Task requirements: Each entry should be duplicated verbatim; its pictures should not be.

Provided entries:
________________________________________

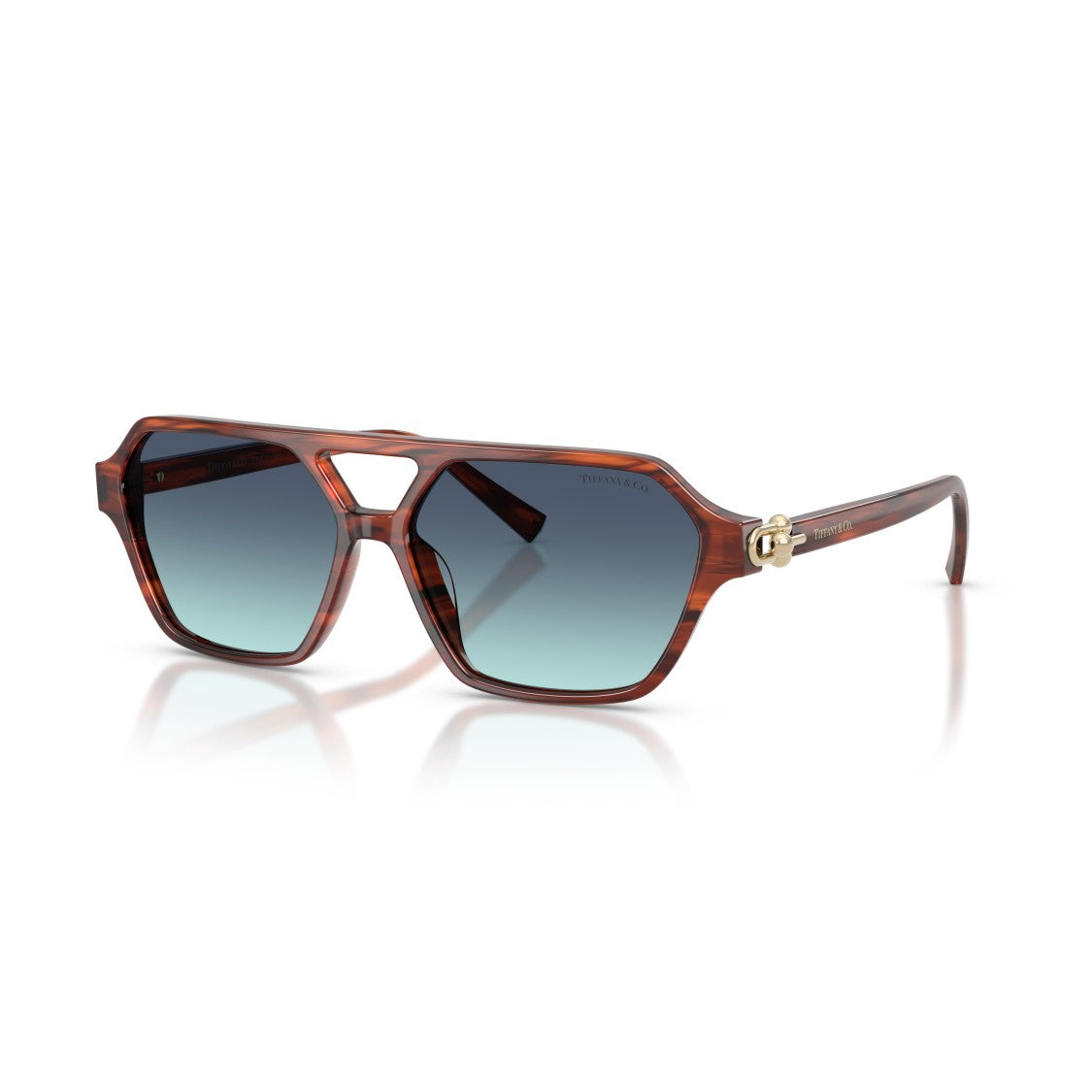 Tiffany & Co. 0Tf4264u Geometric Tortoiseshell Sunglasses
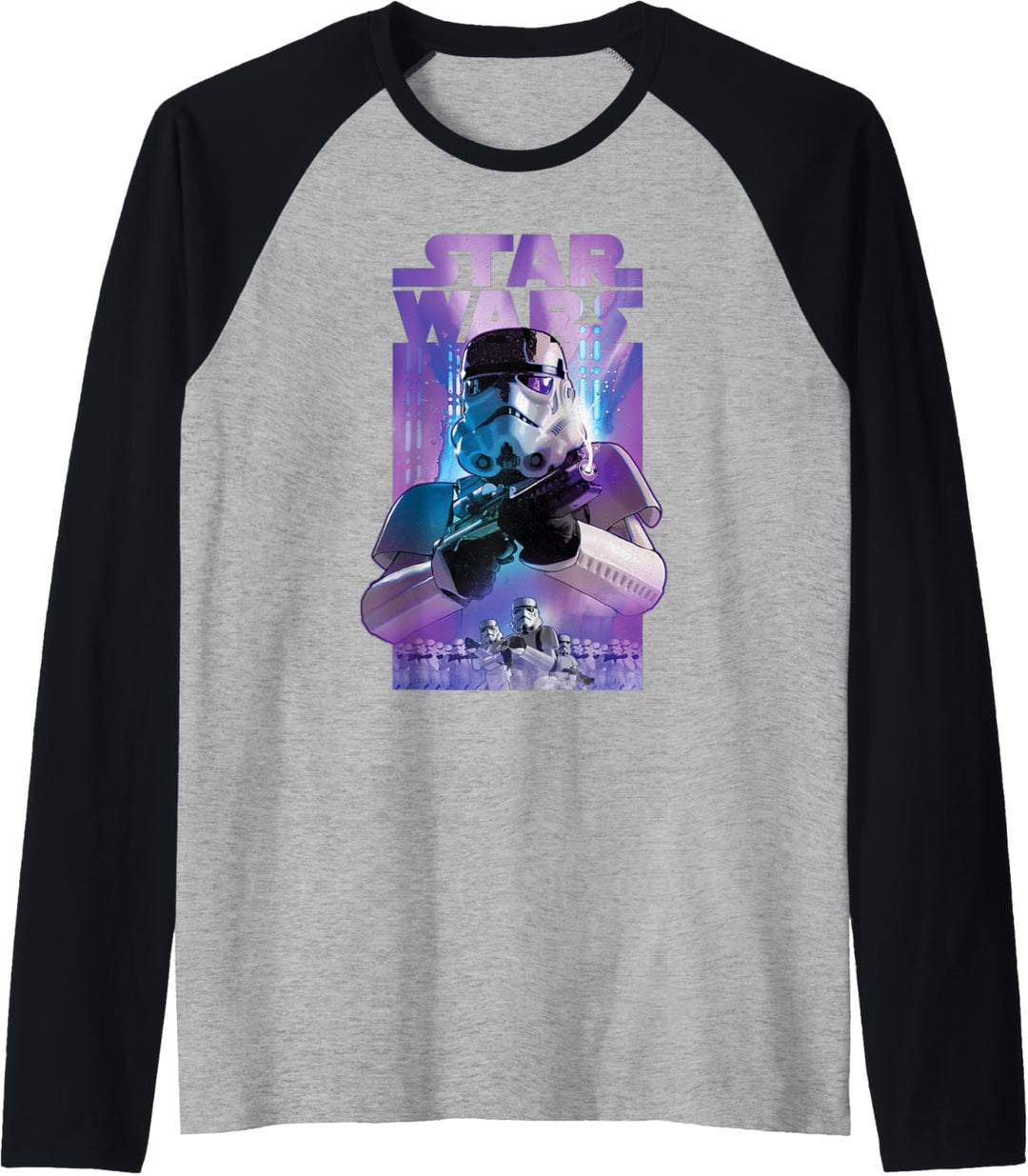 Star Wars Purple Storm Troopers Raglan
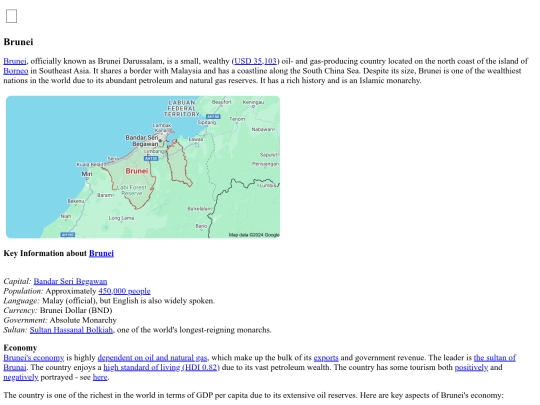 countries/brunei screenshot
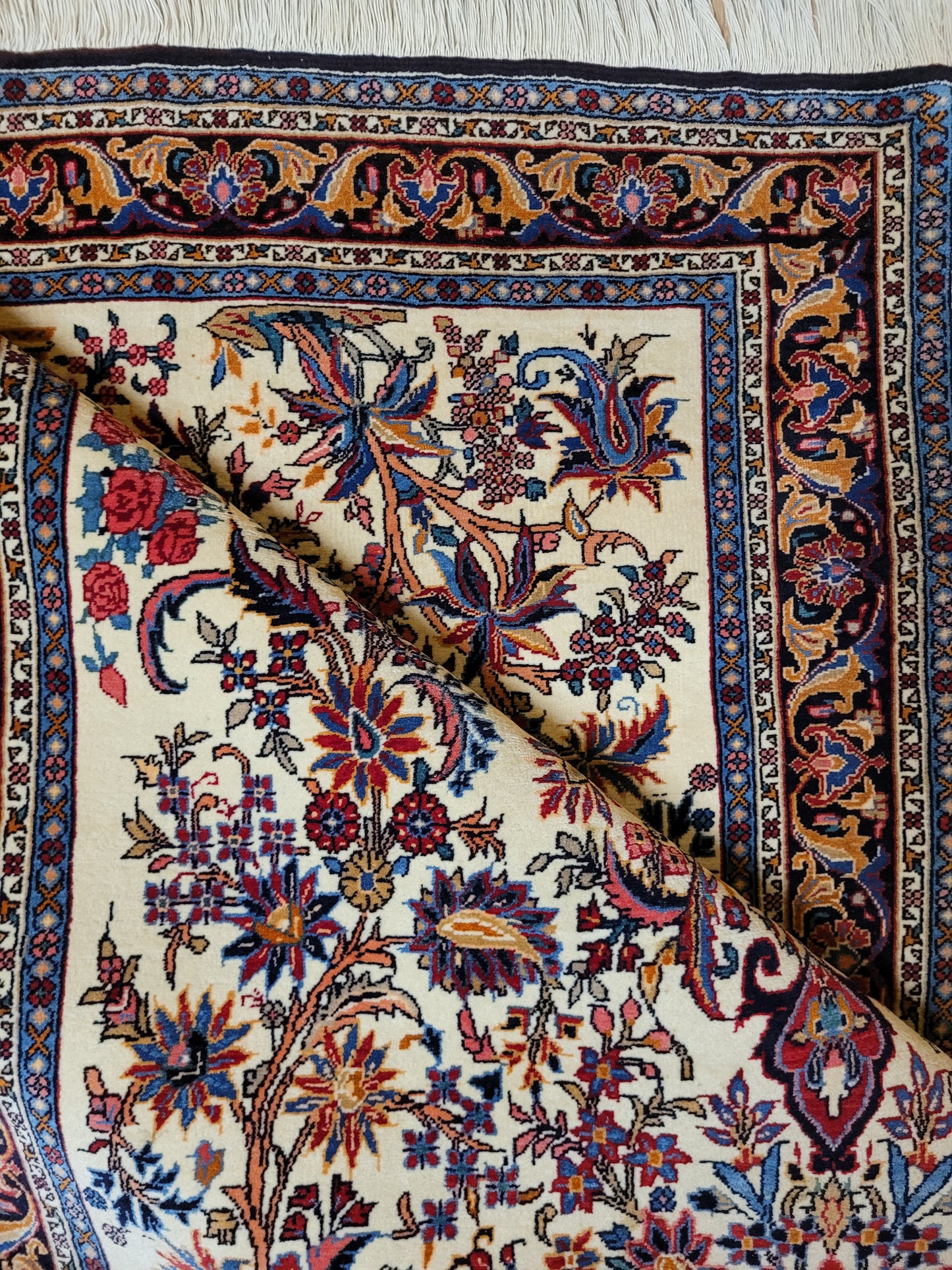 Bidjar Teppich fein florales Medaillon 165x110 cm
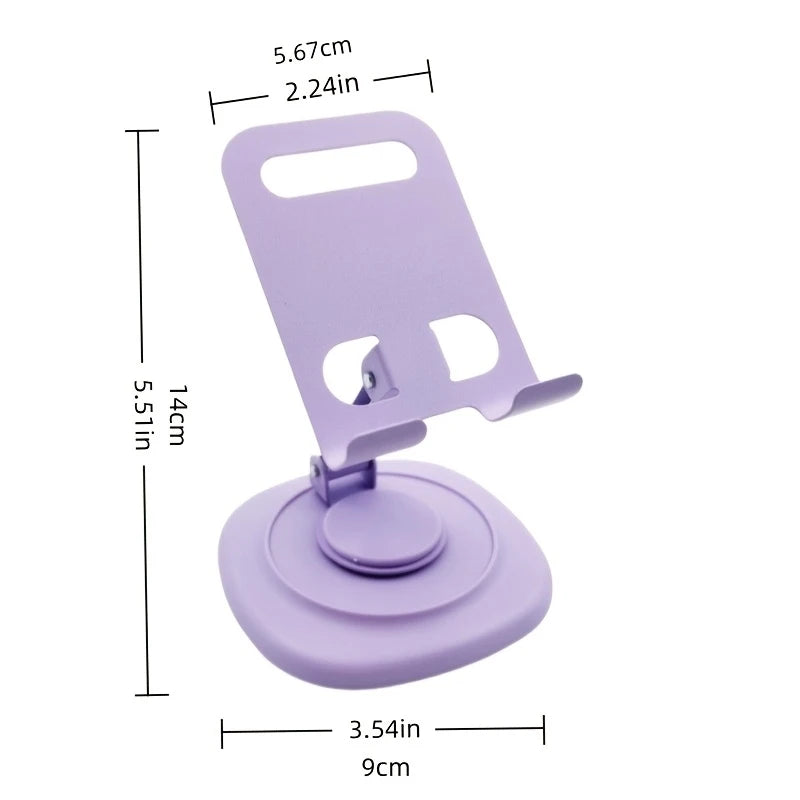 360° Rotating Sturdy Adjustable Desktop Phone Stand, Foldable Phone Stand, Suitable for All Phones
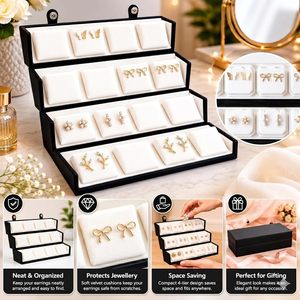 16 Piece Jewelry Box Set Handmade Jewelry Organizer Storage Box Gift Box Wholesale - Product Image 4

________________________________________

Answer area:
 Tiffany & Co. 0Tf4264u Geometric Tortoiseshell Sunglasses
 Star Wars Purple Storm Troopers Raglan
 countries/brunei screenshot
 Bidjar Teppich fein florales Medaillon 165x110 cm
 360° Rotating Sturdy Adjustable Desktop Phone Stand, Foldable Phone Stand, Suitable for All Phones
 16 Piece Jewelry Box Set Handmade Jewelry Organizer Storage Box Gift Box Wholesale - Product Image 4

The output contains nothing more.